Ketidakpercayaan masih sangat Latri rasakan, ia bahkan ingin menyangkal hasil dari pemeriksaan dokter yang menyebutkan jika dirinya sedang hamil empat bulan. Latri pun jarang memerhatikan siklus menstruasi yang kerap tak menentu. Ia enggan memusingkan. Dan seingatnya, terakhir datang bulan memang sudah lama.

Sungguh semua ini diluar prediksi yang pernah Latri pikirkan. Andai tadi ia tidak pingsan dan dilarikan ke rumah sakit, mungkin keberadaan calon anak mereka tak akan diketahui secara cepat. Latri tentu bersyukur dan merasa bahagia akan menjadi ibu lagi setelah keguguran yang sempat ia dialami beberapa tahun lalu.

Latri juga ingin segera memberi tahu Wirya perihal kehamilannya, namun hampir lima hari belakangan pria itu tak menghubunginya. Latri mengira suaminya sedang cukup sibuk dengan sejumlah agenda dalam perjalanan bisnis di luar negeri.

Sudah selama dua bulan lima hari lamanya Wirya tidak pulang, menyisakan 25 hari hingga akhirnya pria itu bisa kembali ke rumah untuk berkumpul bersama dirinya lagi. Kerinduan yang Latri akan kehadiran sosok Wirya cukup besar, terlebih sekarang ini ia tengah mengandung.

Dan kemudian, segala bentuk pikiran yang berputar indah di kepala Latri langsung buyar tatkala menyaksikan ibu mertuanya masuk ke dalam kamar dengan sorot mata tajam dan tanpa membingkai senyum di wajah sedikit pun. Seketika Latri dilanda kecemasan sekaligus ketakutan.

"Saya senang mengetahui jika kamu ternyata bisa hamil juga. Tapi, saya tidak suka dengan bayi di rahimmu, Nak Latri. Kami menginginkan cucu laki-laki, bukan perempuan." Suara Ibu Ratna begitu dingin dan menusuk.

Sementara itu, Latri masih memilih bungkam guna mendengarkan lebih lanjut kata-kata yang akan sang ibu mertua lontarkan.

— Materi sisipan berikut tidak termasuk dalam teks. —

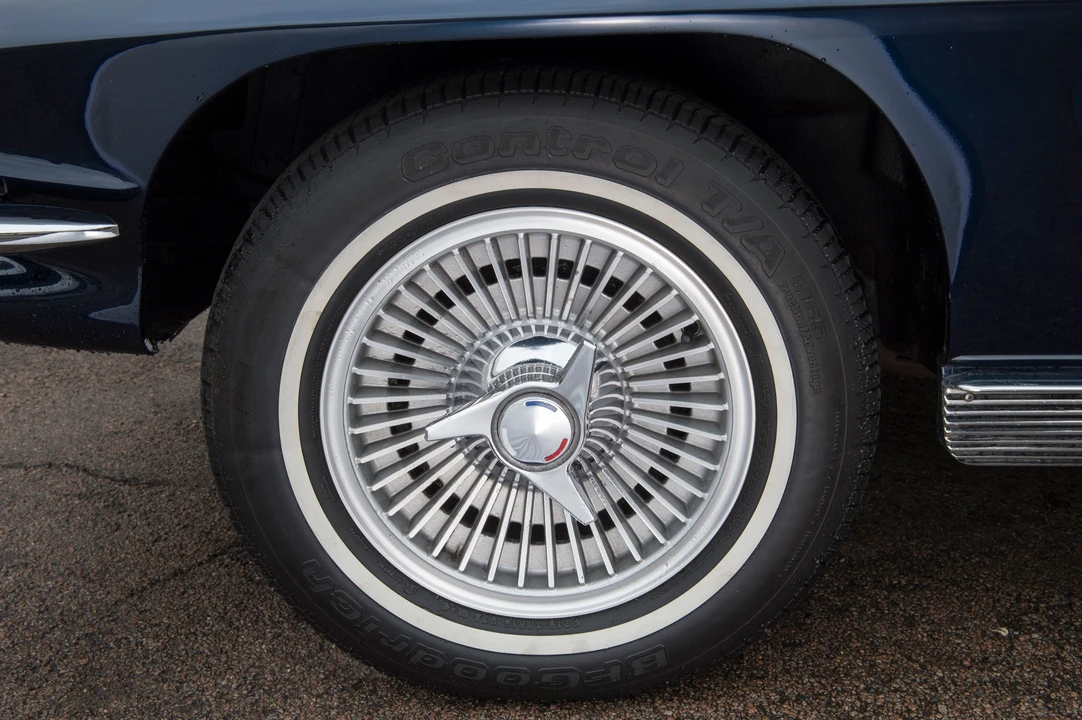 Chevrolet Corvette C2 - Image 17 of 18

Perasaannya tiba-tiba tak enak. Latri tidak tahu persis apa yang terjadi nanti.

"Saya ingin memberikan jalan paling baik sebagai solusi atas permasalahan ini. Kamu pasti akan menyetujui jika masih memikirkan kebahagiaan anak saya."

"Apa yang Ibu maksud?" tanya Latri hati-hati. Karena, ia belum terlalu paham dengan arti dari perkataan ibu mertuanya.

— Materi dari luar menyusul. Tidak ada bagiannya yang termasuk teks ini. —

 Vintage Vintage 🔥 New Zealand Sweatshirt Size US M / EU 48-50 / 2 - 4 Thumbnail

"Kami tidak ingin memiliki cucu perempuan. Saya juga tidak pernah menyukaimu sebagai menantu. Lebih baik kamu berpisah dengan anak saya. Wirya pantas mendapatkan istri yang lebih sempurna."

"Tidak mungkin, Bu. Saya sudah berjanji pada Wirya untuk tidak akan meninggalkannya." Latri segera menyahut. Dan hal tersebut membuat sang ibu mertua bertambah geram.

"Jika kamu tetap menjadi istri anak saya. Kamu hanya bisa merepotkan dia saja, Latri! Sadar dirilah."

Sorot tajam tak hentinya Ibu Ratna tunjukkan pada menantunya. "Baik, jika kamu tidak mau berpisah dengan anak saya. Silakan gugurkan janin yang ada di dalam rahimmu. Kamu harus memilih antara Wirya atau anak kamu."

Tetesan demi tetesan air mata yang coba Latri tahan agar tidak jatuh pun kini tumpah karena hebatnya rasa sakit menghantam dadan. "Apa salah anak kami, Bu? Kenapa saya harus menggugurkannya?"

"Karena anak yang kamu kandung adalah perempuan. Sedangkan, saya dan Ayah Wirya menginginkan cucu laki-laki. Kami tidak akan menerima anakmu di keluarga kami."

Latri semakin mengisak. "Sa... saya tidak bisa melakukannya, Bu."

"Jika kamu tidak bisa menggugurkan anakmu. Berpisahlah dengan Wirya. Tinggal di Jepang sampai anak kamu lahir. Saya akan mengurus semua."

Tak rasa iba pada diri Ibu Ratna saat melihat menantunya yang menangis. Beliau bahkan telah menyiapkan sederetan kata-kata menusuk. "Saya akan menyiapkan operasi untuk kesembuhanmu. Bagaimana pun juga kamu harus kembali bisa berjalan agar dapat mengurus anakmu kelak tanpa melibatkan Wirya."

Latri tak menjawab. Ia hanya mampu bungkam. Bukan karena takut atau tidak berani. Tetapi, Latri sadar jika ia tak bisa melawan keputusan yang telah ditetapkan oleh ibu mertuanya. Berpasrah diri adalah hal terbaik yang Latri dapat lakukan.

"Saya tidak menerima bantahan dalam bentuk apa pun. Kamu cukup melaksanakan perintah saya supaya semuanya berjalan dengan benar."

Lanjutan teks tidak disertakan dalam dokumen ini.